余談ながら付記しておくと、AirBnBなどの民泊サービスを使えば観光客もハウスボートに宿泊することもできる。一応値段を調べてみたら、一泊400〜650ユーロという値段が弾き出されそっとスマホのブラウザを閉じた。
(直前予約だしそもそも価格設定が複数人で宿泊する前提というのもある。あるのだが、円安おまえというやつは本当に…)

 

さて博物館内であるが、期待通りに狭苦しく、そして期待を遥かに超える居心地のよさであった。

1畳ほどのままごとのようなキッチン

 

リビングルーム。天井の高さが絶妙だけど、平均身長182cmのオランダ人男性はこの空間で立てるのだろうか

 

座ったら最後、籠もり感が気持ち良すぎて立てなくなってしまいそうだ

 

あちこちに天窓があるおかげで、ひどい圧迫感は感じない

日本語に、狭くて心地が良い身体感覚を表現する語彙がないことが悔やまれる(広くて心地よいは「ゆったり」だ)。これは狭い部屋好きとしては、最高峰の部類の部屋かもしれない。

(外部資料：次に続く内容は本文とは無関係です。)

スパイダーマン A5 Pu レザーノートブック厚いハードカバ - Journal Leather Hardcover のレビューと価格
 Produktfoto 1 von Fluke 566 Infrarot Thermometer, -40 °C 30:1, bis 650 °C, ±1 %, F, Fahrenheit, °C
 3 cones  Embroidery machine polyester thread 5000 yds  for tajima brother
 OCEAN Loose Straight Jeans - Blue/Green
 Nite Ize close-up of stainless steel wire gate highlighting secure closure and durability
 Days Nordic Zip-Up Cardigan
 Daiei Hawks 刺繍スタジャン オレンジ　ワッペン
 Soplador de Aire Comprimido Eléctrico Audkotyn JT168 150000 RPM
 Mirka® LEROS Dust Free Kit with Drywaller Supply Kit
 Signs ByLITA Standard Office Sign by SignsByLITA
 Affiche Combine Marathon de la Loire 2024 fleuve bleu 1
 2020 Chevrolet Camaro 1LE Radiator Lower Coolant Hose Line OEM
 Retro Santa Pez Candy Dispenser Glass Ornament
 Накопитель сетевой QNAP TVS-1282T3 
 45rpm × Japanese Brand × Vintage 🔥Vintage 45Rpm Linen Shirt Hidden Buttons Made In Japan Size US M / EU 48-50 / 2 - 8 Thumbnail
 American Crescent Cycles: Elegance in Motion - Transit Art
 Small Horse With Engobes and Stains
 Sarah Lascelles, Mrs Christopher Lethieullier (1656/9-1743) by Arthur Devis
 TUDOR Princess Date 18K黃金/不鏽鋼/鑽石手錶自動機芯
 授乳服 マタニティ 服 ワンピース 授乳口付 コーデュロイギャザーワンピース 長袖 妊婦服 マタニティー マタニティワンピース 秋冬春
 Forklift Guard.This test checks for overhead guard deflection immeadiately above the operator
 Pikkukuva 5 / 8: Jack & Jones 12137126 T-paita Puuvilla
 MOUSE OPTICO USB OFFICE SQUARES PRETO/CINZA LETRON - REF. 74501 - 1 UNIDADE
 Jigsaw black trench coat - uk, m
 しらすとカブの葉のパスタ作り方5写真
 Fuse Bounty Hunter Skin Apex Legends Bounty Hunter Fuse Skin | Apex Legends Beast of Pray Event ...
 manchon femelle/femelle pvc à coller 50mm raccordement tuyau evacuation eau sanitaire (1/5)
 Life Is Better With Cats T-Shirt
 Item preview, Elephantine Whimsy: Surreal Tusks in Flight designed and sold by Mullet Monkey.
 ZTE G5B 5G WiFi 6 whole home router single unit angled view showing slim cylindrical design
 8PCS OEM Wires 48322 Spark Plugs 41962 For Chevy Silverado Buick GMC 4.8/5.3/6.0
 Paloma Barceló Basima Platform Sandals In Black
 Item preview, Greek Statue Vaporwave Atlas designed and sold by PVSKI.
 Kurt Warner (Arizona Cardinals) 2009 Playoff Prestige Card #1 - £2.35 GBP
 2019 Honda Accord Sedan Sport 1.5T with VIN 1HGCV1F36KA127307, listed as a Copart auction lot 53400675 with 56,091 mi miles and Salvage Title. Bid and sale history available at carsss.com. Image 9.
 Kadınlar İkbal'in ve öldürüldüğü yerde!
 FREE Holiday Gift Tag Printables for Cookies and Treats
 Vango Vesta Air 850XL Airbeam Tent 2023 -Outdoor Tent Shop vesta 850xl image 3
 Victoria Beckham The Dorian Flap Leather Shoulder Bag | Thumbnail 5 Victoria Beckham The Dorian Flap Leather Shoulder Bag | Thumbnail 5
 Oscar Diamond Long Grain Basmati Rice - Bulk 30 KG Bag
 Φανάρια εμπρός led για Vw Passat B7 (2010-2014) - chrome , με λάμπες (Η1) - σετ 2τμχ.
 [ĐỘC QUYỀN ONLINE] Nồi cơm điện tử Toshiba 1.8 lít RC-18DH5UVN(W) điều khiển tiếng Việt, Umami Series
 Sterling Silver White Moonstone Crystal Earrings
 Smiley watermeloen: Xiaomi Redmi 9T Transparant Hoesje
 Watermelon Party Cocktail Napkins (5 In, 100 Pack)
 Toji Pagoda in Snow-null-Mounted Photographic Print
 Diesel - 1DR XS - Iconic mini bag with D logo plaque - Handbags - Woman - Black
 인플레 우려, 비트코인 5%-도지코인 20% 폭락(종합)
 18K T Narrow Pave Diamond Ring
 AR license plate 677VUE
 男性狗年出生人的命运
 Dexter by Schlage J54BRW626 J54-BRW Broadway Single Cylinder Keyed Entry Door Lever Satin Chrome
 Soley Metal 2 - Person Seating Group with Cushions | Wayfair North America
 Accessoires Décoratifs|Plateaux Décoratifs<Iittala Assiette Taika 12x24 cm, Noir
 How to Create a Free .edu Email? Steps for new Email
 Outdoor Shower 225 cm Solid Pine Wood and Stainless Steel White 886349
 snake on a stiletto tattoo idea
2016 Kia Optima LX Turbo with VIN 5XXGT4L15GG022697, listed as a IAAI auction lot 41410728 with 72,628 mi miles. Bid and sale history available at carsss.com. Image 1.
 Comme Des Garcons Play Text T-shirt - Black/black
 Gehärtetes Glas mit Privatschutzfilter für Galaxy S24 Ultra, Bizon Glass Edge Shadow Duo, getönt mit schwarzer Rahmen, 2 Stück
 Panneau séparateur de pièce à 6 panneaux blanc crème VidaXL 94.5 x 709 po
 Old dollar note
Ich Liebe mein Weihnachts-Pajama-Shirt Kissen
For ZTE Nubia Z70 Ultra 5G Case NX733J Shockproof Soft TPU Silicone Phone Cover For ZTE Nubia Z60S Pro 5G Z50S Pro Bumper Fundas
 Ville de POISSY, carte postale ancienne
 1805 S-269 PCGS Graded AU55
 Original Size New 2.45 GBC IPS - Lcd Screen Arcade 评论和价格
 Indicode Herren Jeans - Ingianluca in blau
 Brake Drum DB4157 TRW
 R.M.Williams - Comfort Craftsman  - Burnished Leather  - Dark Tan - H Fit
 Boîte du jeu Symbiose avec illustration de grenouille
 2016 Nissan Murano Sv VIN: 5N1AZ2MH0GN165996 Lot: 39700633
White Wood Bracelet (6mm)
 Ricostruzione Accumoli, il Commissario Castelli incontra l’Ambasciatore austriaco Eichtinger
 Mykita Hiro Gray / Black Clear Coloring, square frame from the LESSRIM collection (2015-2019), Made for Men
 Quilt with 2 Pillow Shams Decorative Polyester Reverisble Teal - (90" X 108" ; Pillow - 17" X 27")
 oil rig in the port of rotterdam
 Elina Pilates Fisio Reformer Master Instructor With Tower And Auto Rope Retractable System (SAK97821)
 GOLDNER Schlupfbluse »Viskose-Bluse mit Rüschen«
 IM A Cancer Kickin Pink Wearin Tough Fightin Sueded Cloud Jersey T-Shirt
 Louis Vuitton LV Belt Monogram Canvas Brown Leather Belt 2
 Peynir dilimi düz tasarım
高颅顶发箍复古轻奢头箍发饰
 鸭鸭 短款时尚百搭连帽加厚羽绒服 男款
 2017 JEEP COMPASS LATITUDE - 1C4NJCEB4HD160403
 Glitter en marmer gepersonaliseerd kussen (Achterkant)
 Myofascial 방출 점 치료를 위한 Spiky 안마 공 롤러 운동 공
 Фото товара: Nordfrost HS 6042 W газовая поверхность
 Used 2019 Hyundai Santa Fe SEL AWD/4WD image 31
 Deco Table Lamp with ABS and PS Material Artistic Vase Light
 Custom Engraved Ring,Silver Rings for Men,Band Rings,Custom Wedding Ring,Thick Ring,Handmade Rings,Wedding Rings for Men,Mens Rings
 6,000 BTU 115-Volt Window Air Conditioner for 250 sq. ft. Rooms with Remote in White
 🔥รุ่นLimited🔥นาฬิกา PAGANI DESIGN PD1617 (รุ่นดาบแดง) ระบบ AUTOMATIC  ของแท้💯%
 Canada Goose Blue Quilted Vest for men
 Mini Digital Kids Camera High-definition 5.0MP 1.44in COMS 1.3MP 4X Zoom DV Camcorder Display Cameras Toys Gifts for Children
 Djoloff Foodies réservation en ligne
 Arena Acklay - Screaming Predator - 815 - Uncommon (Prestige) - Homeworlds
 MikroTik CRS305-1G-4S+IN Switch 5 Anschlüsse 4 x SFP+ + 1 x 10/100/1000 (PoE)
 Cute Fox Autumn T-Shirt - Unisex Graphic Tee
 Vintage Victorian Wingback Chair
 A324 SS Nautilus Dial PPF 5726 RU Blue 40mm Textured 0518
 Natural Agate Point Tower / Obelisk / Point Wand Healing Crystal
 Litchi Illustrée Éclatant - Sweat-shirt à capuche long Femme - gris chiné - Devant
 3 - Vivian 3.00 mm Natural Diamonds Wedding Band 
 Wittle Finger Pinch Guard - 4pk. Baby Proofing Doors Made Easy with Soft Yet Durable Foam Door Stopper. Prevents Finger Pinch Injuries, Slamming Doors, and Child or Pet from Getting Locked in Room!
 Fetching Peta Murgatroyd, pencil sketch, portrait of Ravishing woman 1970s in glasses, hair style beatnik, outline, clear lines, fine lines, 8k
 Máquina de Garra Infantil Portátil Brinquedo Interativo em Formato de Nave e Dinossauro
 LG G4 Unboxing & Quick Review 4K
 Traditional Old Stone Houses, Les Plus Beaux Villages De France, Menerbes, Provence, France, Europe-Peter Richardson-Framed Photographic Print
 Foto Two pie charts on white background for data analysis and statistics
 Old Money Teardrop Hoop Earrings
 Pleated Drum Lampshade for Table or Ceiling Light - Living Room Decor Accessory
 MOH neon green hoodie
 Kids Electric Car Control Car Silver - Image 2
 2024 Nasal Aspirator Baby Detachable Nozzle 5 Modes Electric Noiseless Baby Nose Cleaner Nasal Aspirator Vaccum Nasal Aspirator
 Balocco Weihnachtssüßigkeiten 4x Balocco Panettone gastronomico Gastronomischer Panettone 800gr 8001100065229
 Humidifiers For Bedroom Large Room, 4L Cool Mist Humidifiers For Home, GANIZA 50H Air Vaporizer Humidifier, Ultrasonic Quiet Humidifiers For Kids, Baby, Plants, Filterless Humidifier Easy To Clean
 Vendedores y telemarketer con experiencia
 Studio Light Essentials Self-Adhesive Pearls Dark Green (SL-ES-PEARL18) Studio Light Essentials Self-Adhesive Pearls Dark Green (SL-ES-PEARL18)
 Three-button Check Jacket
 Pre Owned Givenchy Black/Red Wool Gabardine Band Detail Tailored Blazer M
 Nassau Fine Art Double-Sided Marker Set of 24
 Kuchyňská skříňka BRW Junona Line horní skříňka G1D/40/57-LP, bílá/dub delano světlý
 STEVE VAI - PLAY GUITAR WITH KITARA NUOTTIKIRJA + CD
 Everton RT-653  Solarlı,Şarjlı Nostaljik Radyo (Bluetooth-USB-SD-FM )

このときたまたま館内にほかの客がおらず、受け付け係の男性がリアルなハウスボートのコストについて語ってくれた。

・もともとは都市部の住宅不足解消のために間に合わせで供給された住宅なので家賃は安かった
・しかしいまやハウスボートに住むのはいけてるライフスタイルでステータス、金銭的なハードルはかなり高い
・とはいえ家賃そのものは大きな問題ではない
・高いのは維持費で係留費、船体の修繕費、ユーティリティのメンテナンスコスト、高額な保険料、税金…ばかばかしい!

館内にあった広告。売り家(売り船)のお値段は拡大して確認してみよう

 

博物館の母体であるヘンドリカ・マリア号の歴史も紹介されている。1914年に建造。貨物船でありながら船長一家4人の自宅としても活躍。1967年にハウスボートに。1997年に廃船同然になりながらも2008年に博物館として復元。数奇な運命である

 

期待通り、狭さを極めた寝床もあった。貨物船時代、船長の家族が眠っていた穴倉。膝を抱えて丸くなって寝てみたい

水の循環に加わりたいだけなのに

運河を散歩中、実はずっとトイレに行きたかった。アムステルダムあるあるらしいのだが、ヨーロッパの都市の中でもひときわ、トイレ事情の悪い都市らしく、街中では飲食店以外にはほぼトイレがない。

 

さすがに博物館ならと思いハウスボート博物館で尋ねたら、「トイレはあるけど下水につなぐのにめちゃ金かかるんよ、ごめんけど使わせられん…」。出張の初日に大破する訳にもいかず、博物館の滞在は10分ほどで切り上げざるを得なかった。

 

ようやくショッピングモールで1ユーロ払って排尿。しかしこの尿ももともとは3ユーロで買ったペットボトルの水である。ただ体内に水を循環させるのに4ユーロ、600円を支払った計算だ。円安おまえというやつは本当にもう。